Assunto: revisão de pedido de arquivamento de termo circunstanciado

 

EMENTA: CPP, ART. 28. PRINCÍPIO DA INSIGNIFICÂNCIA. PORTE DE DROGA PARA CONSUMO PESSOAL (LEI N. 11.343/06, ART. 28). PEQUENA QUANTIDADE DE SUBSTÂNCIA PSICOATIVA (1 GRAMA2 PEDRAS DE “CRACK”). CONDUTA REVESTIDA DE TIPICIDADE FORMAL E MATERIAL. ARQUIVAMENTO DESCABIDO.

1.     A quantidade de substância psicoativa encontrada m poder do agente, equivalente a aproximadamente 1 g (um grama) de cocaína, conforme laudo de exame químico-toxicológico de fls. 31, jamais pode ser considerada insignificante, eis que se mostra suficiente para satisfazer o consumo.

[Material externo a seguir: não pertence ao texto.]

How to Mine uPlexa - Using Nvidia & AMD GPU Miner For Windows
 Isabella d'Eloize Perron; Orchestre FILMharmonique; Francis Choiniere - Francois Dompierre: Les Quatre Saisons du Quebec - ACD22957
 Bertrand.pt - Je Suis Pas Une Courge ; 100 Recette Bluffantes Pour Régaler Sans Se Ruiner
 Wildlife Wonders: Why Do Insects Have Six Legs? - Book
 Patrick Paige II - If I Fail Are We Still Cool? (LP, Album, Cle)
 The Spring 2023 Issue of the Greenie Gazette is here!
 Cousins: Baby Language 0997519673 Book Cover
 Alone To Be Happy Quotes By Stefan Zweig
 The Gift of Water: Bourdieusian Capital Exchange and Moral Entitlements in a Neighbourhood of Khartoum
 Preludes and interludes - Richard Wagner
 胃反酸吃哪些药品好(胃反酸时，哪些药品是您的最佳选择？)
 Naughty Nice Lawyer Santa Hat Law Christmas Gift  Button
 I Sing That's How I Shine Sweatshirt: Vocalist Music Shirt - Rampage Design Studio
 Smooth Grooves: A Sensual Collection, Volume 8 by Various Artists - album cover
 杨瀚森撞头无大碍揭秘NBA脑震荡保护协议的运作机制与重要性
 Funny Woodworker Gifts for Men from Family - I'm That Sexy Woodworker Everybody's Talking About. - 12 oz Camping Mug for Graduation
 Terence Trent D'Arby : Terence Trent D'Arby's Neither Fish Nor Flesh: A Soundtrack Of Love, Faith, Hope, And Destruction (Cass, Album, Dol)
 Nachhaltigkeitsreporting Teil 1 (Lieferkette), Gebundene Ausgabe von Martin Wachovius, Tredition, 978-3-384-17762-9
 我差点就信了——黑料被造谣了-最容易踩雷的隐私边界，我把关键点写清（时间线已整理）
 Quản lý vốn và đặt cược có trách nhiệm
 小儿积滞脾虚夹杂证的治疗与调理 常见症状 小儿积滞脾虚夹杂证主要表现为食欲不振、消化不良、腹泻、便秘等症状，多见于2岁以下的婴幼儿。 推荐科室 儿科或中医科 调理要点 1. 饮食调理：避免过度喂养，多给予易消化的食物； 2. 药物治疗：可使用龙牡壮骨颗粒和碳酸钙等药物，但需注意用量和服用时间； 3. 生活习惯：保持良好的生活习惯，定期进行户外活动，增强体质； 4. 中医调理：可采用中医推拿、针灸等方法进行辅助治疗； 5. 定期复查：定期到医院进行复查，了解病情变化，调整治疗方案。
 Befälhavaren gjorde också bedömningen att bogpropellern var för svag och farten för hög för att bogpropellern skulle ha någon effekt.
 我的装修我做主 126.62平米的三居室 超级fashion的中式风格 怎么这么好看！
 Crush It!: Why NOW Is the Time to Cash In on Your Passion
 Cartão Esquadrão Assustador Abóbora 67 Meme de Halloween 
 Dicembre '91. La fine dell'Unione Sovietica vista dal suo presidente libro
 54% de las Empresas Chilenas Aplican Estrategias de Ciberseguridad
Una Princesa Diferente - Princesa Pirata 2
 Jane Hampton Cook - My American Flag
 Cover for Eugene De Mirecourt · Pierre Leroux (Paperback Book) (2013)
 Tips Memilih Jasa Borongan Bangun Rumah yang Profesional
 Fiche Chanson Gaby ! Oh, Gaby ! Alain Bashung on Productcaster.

2.     Note-se que a ação incriminada pelo legislador consiste em adquirir, guardar, ter em depósito, transportar ou trazer consigo, para consumo pessoal, drogas sem autorização ou em desacordo com determinação legal ou regulamentar. Pune-se, destarte, conduta que recaia sobre quantidade de substância ilícita suficiente para satisfazer o consumo individual, como fumar um cigarro de cânhamo ou um cachimbo contendo “crack”. Em face disto, afigura-se, com a máxima vênia, um contrassenso reputar insignificante porção de droga apta a prover o uso pessoal.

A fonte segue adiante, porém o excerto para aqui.